Autarca de São Domingos de Benfica acusado por funcionária de assédio sexual

“Desapertava-me o casaco e dizia que não me queria ver tão tapada. Encostava-se a mim e dizia que queria sentir o meu calor”, descreve a queixosa ao PÚBLICO. Já António Cardoso refuta as acusações, que diz terem um “carácter fantasioso”.

Foto
O caso terá ocorrido em 2014 e em 2015 e foi objecto de uma queixa à PSP João Silva

O presidente da Junta de Freguesia de São Domingos de Benfica, em Lisboa, é acusado de ter assediado sexualmente uma funcionária da autarquia, que entretanto se despediu e apresentou queixa contra António Cardoso na PSP.

Esta situação ocorreu, segundo a própria relatou ao PÚBLICO, durante alguns meses de 2014 e de 2015. Marta (nome fictício), que no início de Julho prestou declarações sobre o caso na Divisão de Investigação Criminal da PSP, conta que durante esse período António Cardoso manteve com ela “conversas porcas”, nomeadamente sobre a sua vida sexual, e comportamentos indesejados, como desapertar-lhe casacos, encostar-se a ela e, numa ocasião, beijá-la na boca.

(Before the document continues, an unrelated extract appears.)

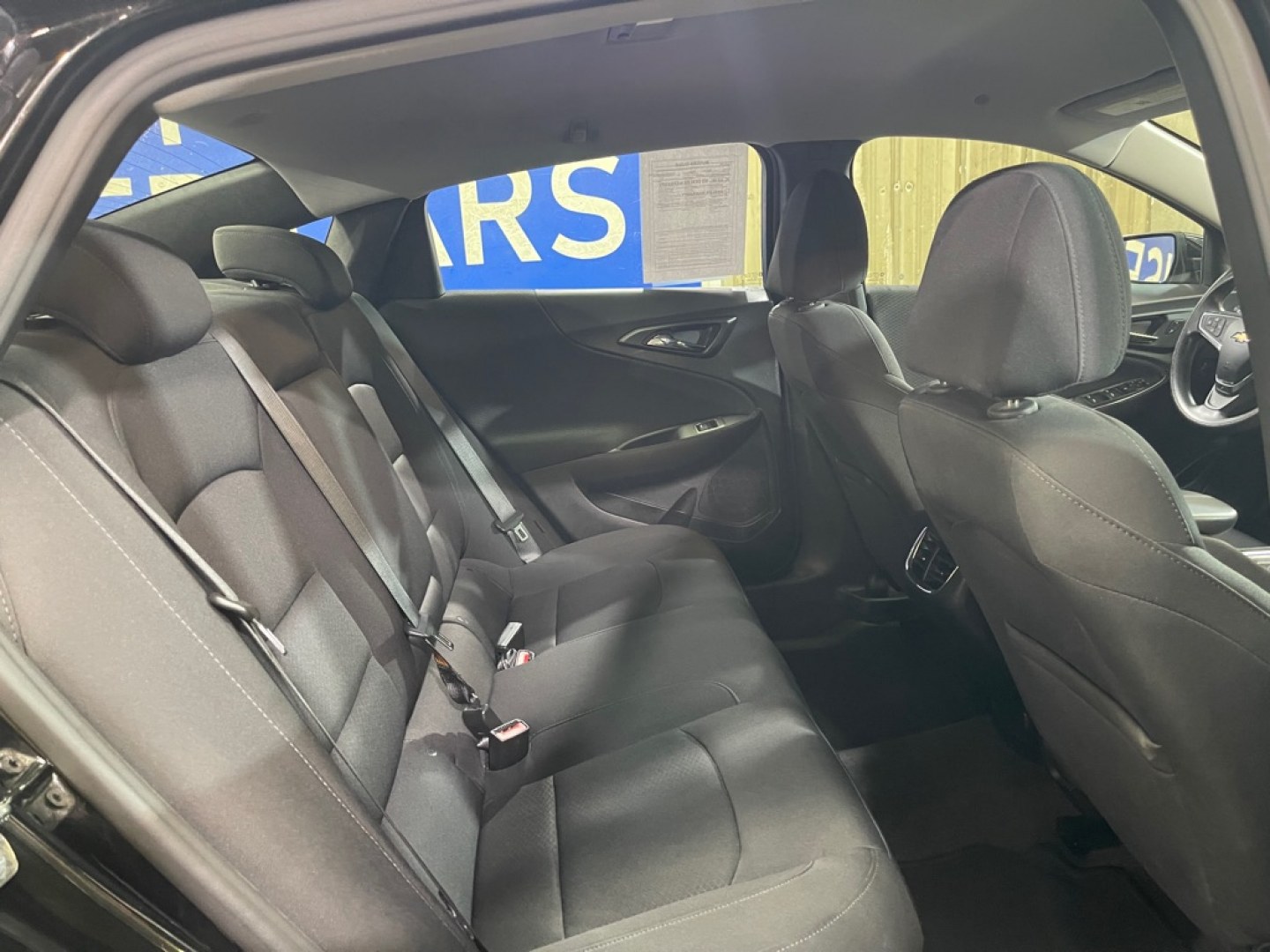 2020 BLACK CHEVROLET MALIBU LT (1G1ZD5ST0LF) with an 1.5L engine, Continuously Variable transmission, located at 2525 S. Cushman, Fairbanks, AK, 99701, (907) 452-5707, 64.824036, -147.712311- Photo#4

Confrontado pelo PÚBLICO com as acusações de Marta, o autarca eleito pelo PS refuta-as, sublinhando aquilo que diz ser “o carácter fantasioso de tais imputações”. “Trata-se de imputações graves e infundadas, objectivamente difamatórias, que atentam de forma séria contra o meu bom nome e a minha boa honra”, reage António Cardoso numa declaração escrita.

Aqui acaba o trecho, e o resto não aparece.